In Cloudera, an environment is a logical subset of your cloud provider account including a specific virtual private network. You can register as many environments as you require.

The “environment” concept of Cloudera is closely related to the virtual private network in your cloud provider account. Registering an environment provides Cloudera with access to your cloud provider account and identifies the resources in your cloud provider account that Cloudera services can access or provision. A single environment is contained within a single cloud provider region, so all resources deployed by Cloudera are deployed within that region within one specific virtual network. Once you’ve registered an environment in Cloudera, you can start provisioning Cloudera resources such as clusters, which run on the physical infrastructure in an AWS data center.

The following diagram enumerates the components of an environment:

The diagram illustrates all major user-created and Cloudera-created components of an environment:

  • The items in dark blue boxes with orange outlines can either be automatically provisioned by Cloudera on your AWS account, or your can optionally pre-create them and provide them when registering an environment.
  • The items in dark blue boxes must be pre-created by your Cloudera administrator prior to environment registration and then provided when registering an environment.
  • The items in orange boxes are automatically provisioned on AWS by Cloudera as part of environment provisioning.

As shown in the diagram, an environment consists of the following resources:

Environment component Description
Virtual network with subnets An environment corresponds to one specific virtual network and subnets in which Cloudera resources are provisioned.

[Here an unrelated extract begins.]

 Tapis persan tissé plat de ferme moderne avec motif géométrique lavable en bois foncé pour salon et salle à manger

The network is located within one specified region; therefore, you also need to select a region for each environment.

Security groups Security groups act as a virtual firewall for your instances to control inbound and outbound traffic.

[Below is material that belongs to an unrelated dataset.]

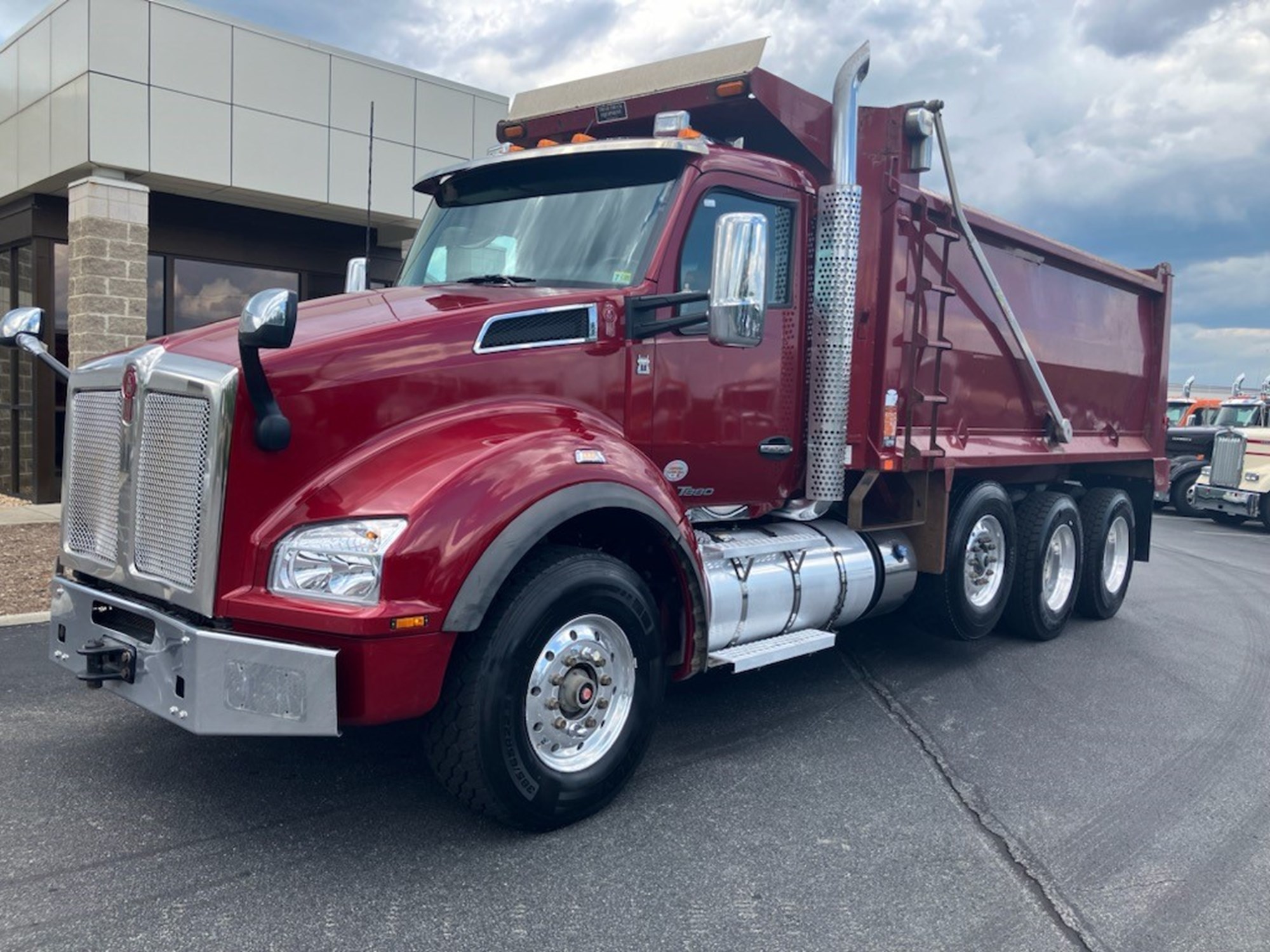 2020 Kenworth T880 - image 3 of 6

All VM instances provisioned within an environment use your specified security access settings allowing inbound access to your instances from your organization’s computers.

Cross-account role for provisioning credential Cloudera uses a provisioning credential for authorization to provision resources (such as compute instances) within your cloud provider account.

On AWS, the credential uses a cross-account IAM role with an attached IAM policy listing all required permissions.

SSH public key When registering an environment on a public cloud, a Cloudera administrator provides an SSH public key. This way, the administrator has root-level access to the Data Lake instance and Cloudera Data Hub cluster instances.
Cloud storage location and AIM roles and instance profiles allowing access to that location When registering an environment, you must provide one or more S3 buckets for storing:
  • All workload cluster data
  • Ranger audits, and FreeIPA logs
  • Cluster service logs

You must also provide IAM instance profiles that control access to the bucket(s).

Data lake A data lake is automatically provisioned when an environment is created. It provides a mechanism for storing, accessing, organizing, securing, and managing data.
FreeIPA A FreeIPA server is automatically provisioned when an environment is created. It is responsible for synchronizing your users and making them available to Cloudera services, Kerberos service principal management, and more.

You may want to register multiple environments corresponding to different regions that your organization would like to use. Once your environment is running, you can provision Cloudera Data Hub clusters, Cloudera Data Warehouses, and other resources in it.